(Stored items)
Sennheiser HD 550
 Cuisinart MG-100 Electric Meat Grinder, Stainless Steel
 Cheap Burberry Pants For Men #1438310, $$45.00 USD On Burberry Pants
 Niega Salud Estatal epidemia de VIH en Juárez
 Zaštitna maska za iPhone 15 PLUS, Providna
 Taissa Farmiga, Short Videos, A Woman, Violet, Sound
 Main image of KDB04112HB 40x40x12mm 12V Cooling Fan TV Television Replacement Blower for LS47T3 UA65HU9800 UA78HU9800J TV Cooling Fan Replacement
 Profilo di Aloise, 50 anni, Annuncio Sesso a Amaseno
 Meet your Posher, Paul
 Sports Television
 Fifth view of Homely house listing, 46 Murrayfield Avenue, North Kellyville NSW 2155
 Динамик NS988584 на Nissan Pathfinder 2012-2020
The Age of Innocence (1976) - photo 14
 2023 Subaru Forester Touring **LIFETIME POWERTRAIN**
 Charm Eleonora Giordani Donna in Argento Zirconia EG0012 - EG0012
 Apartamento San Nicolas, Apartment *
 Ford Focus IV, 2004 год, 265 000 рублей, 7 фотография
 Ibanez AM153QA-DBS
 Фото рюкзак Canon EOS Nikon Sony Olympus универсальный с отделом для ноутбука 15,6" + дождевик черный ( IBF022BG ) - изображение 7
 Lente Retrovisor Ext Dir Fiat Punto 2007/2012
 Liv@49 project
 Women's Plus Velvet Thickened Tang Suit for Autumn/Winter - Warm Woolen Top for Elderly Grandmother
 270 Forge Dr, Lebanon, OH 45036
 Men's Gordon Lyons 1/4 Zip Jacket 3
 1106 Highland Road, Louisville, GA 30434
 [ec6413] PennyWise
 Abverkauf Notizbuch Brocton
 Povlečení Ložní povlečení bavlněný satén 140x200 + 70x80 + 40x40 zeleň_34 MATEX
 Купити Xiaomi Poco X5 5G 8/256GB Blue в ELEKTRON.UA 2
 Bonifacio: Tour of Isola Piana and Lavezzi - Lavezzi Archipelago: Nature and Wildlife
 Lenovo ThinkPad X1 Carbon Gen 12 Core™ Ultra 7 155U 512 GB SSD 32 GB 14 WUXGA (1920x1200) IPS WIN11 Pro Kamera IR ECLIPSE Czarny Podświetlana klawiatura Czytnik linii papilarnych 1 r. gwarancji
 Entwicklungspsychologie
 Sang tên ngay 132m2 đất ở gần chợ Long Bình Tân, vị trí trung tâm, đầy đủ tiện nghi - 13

Task to complete: Return the lines above, from the one containing "Entwicklungspsychologie" to the end, exactly as they stand.

Exercise result:
 Entwicklungspsychologie
 Sang tên ngay 132m2 đất ở gần chợ Long Bình Tân, vị trí trung tâm, đầy đủ tiện nghi - 13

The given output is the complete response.